2) There is not one citation in this entire article. This is all opinion, no matter how true it sounds.
3) He offers medical advice based solely on his personal experience. Sleep apnea may not be the same to all people.
Nutritional science is friggin' hard. Extrapolating from biological reactions has to take a huge load of variables into account and empirical studies have to monitor a huge bunch of people over a long period of time -- and all of them are lying.
> Eat food. Not too much. Mostly plants.
Why should I eat "mostly plants"? He hands out a bunch of advice and never bothers to lay out a basis for his opinions.
Also, it has pictures, some of which are attractive females. I'm sold!
I think that people really over complicate things. On an abstract 'surface' level, it is a very simple feedback system. If you have an idea as to how it works, you should be able to adjust your response to the system (similar to introspecting your brain to adjust your mood).
I therefore try to use a very simple set of rules:
1.) Be hungry before you eat (actually hungry, not bored and looking for something to do...). (Corollary is 'don't snack'; how would you get hungry if you are eating potato chips all day?). I also try to ask myself 'am i hungry or did i just see a commercial for something and it gave me a craving'.

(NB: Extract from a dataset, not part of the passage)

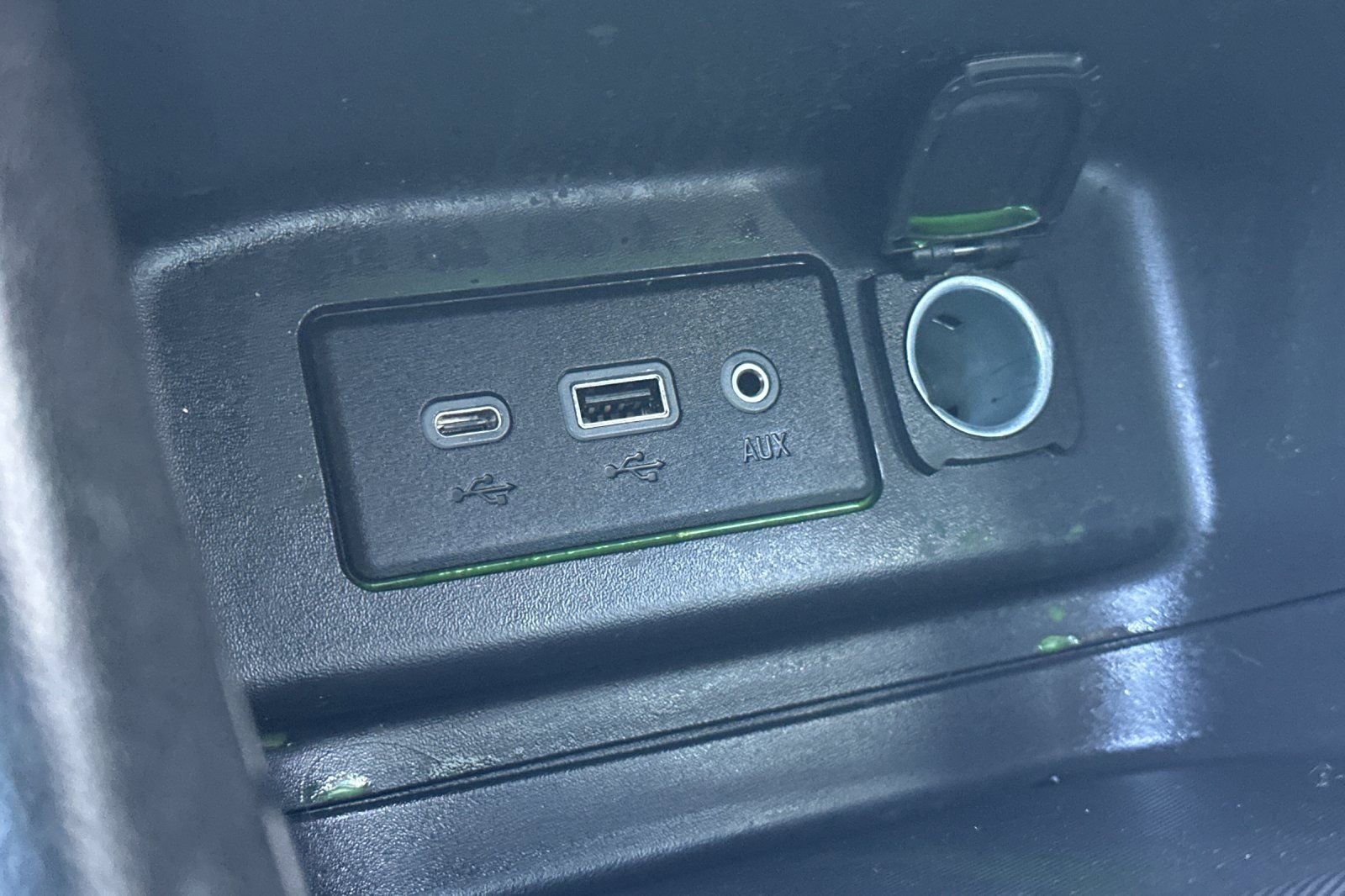 Used 2024 Chevrolet Equinox LS image 31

2.) Don't eat until you are full (that stretched out feeling is bad). Eat until you are not hungry (you have to eat slowly to do this).

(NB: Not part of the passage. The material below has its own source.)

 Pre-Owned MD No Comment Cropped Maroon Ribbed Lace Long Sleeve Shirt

3.) Mostly plants, lots of water, protein is good too, processed stuff is bad. Cooking for yourself is generally much healthier (if you have common sense and don't set yourself on fire).

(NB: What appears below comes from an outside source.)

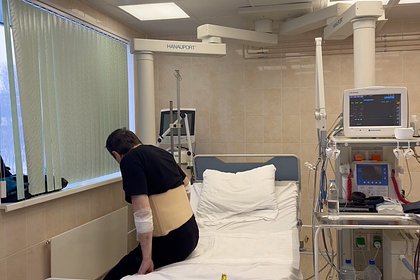 Раненный ножом губернатор Мурманской области выложил новое видео из больницы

4.) Exercise is good, but don't get any delusions of looking like an underwear model. Underwear models aren't any more natural than fat people.
And, it's unclear that it necessarily works the same way in all people.
My opinion is that decomposition is the only permanent weight loss. Before then, there's maintenance, both successful and not which varies by both individual and circumstance.
I think all of the studies show that most people don't keep weight off, and that the slower you lose the weight the more likely you are going to keep it off. Also, running is good for the brain as well as the body.
Last month, we exhibited at our largest trade show of the year–at the MGM in Vegas. I ate like a pig for a week. The Grand Buffet. Kobe ribeye at Craftsteak. Sushi. Beer. In N Out Burgers. You name it.
When I came home, I had lost 6 pounds.
We also walked a ton that week, stood in our booth for 8 hours a day, and hauled a lot of stuff during the setup/teardown.
I think people misunderstand what it means to "exercise" (at least in terms of losing weight). You don't have to go to a gym ... just get on your feet and move.
I have friends who mock this, and talk about how much more important it is to get into their peak-heart-rate on their at-home treadmill. That they've actually used maybe a couple dozen times.
I don't have a choice - have to walk to work. And Back. 3 1/4 miles a day. Every day.
That's almost a marathon a week. :-)
PS. Sorry I'm just in a bad mood and feel the need to be anal.
While this abstract is slightly funny, I suddenly realized that I have no idea about why humans evolved big brains. Why most of the other species do not select for bigger brains, while human evolution seems to suggest that a bigger brain is a much better survival tool compared to sharp claws or protective colour? Certainly, other species would have offspring which have slightly larger/smarter brains. Why is that only a few species (humans, dolphins ...) evolved relatively large brains?
Yes, but isn't that just restating the theory of evolution and natural selection?